==== INFORMATION PROVIDED

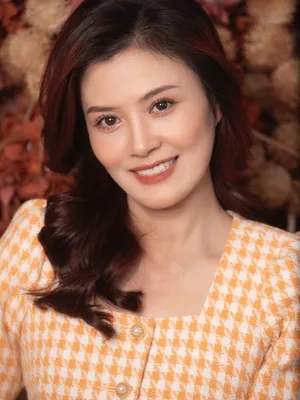 Hoa Thúy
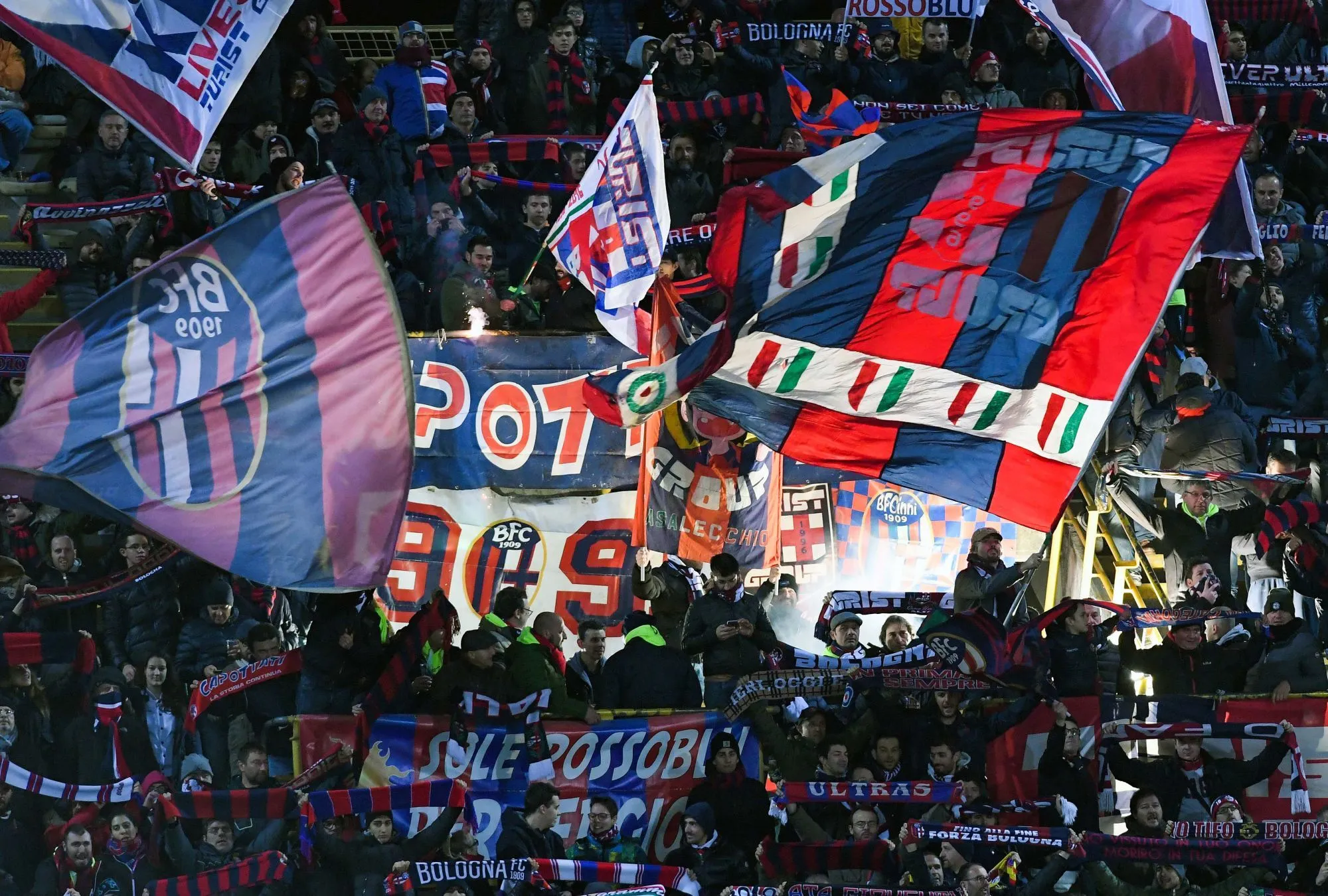 Des supporters du Torino attaqués par des ultras de Bologne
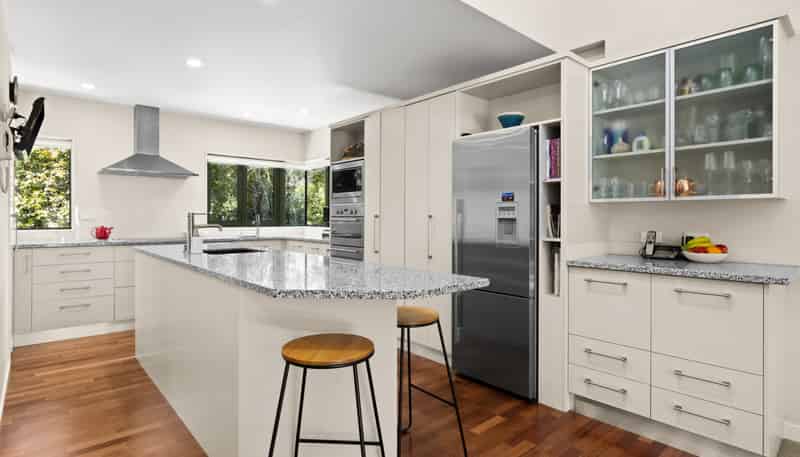 12 Laing Cove, Havelock North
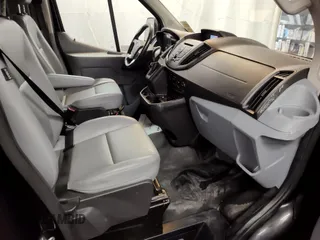 2016 Ford Transit z VIN 1FTYR2XM0GKA06408, wystawiony jako IAAI lot #42818715 z przebiegiem 170 021 mil mil oraz . Historia ofert i sprzedaży dostępna na DreamBid. Obrazek 23.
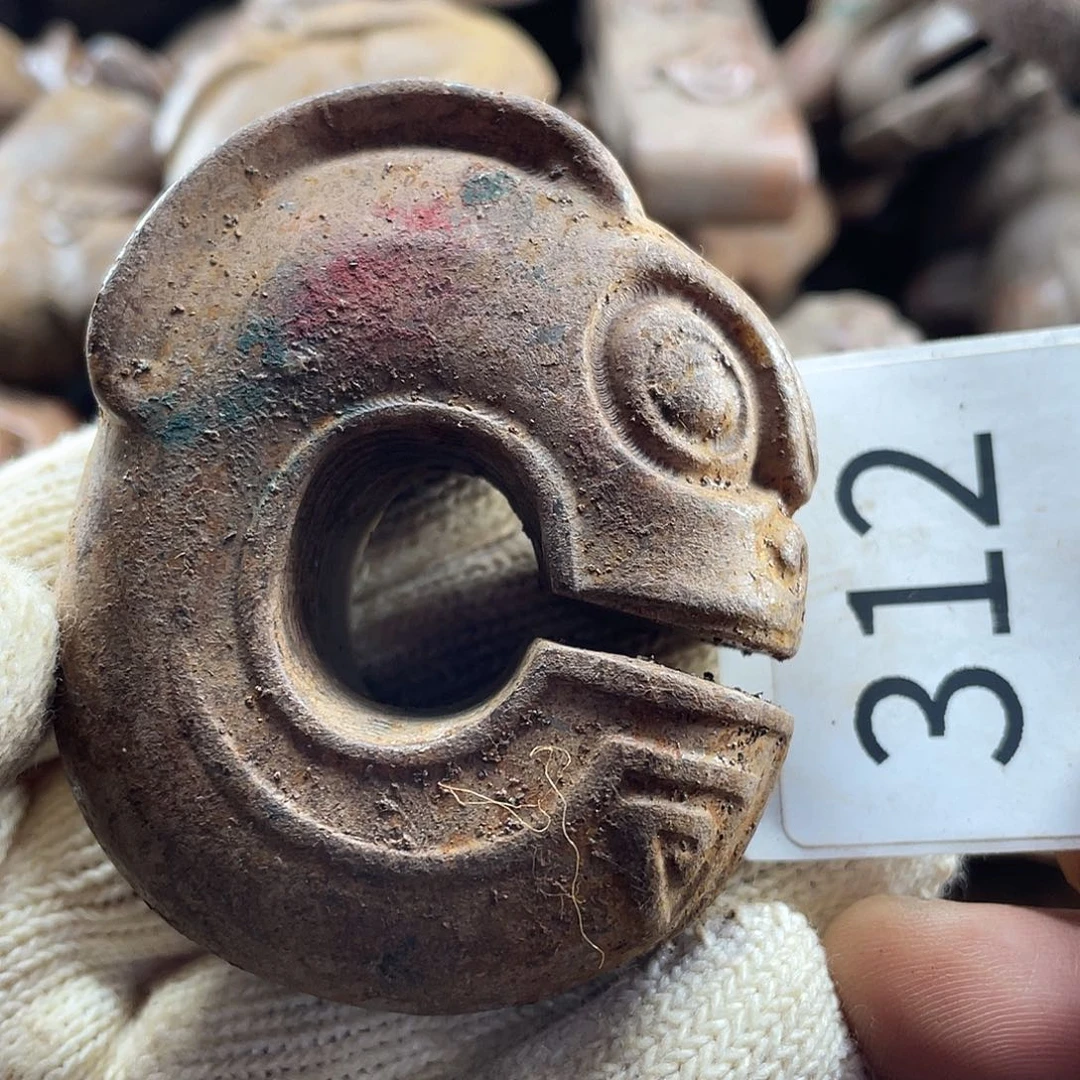 和田玉（糖玉）未镶嵌挂件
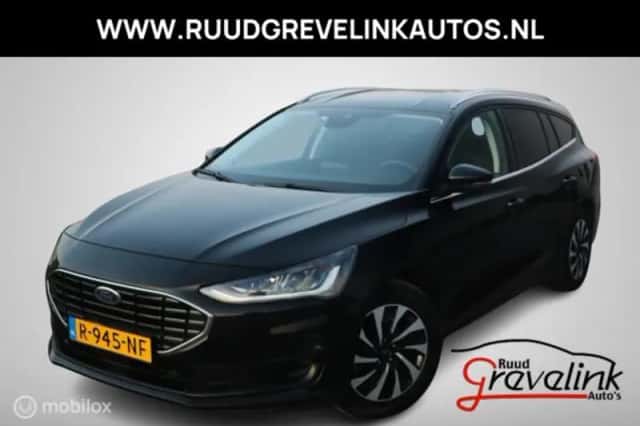 Ford Focus (2022) thumbnail 1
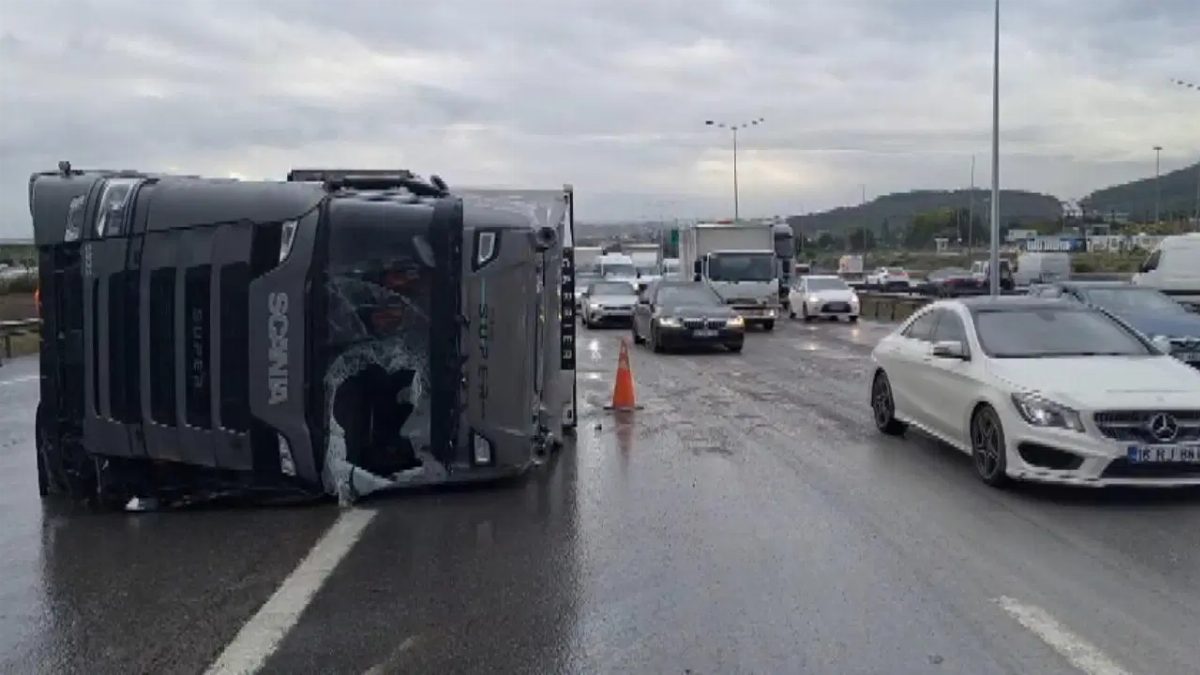 İstanbul'da Sağanak Yağış Trafik Yoğunluğuna Neden Oldu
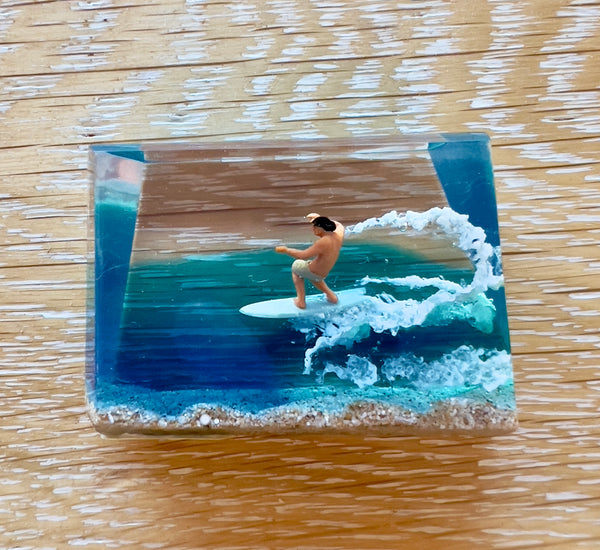 AUMBAK Crystal Cube Small #3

========

Retype all the records exactly and keep out every picture.

 Hoa Thúy
 Des supporters du Torino attaqués par des ultras de Bologne
 12 Laing Cove, Havelock North
 2016 Ford Transit z VIN 1FTYR2XM0GKA06408, wystawiony jako IAAI lot #42818715 z przebiegiem 170 021 mil mil oraz . Historia ofert i sprzedaży dostępna na DreamBid. Obrazek 23.
 和田玉（糖玉）未镶嵌挂件
 Ford Focus (2022) thumbnail 1
 İstanbul'da Sağanak Yağış Trafik Yoğunluğuna Neden Oldu
 AUMBAK Crystal Cube Small #3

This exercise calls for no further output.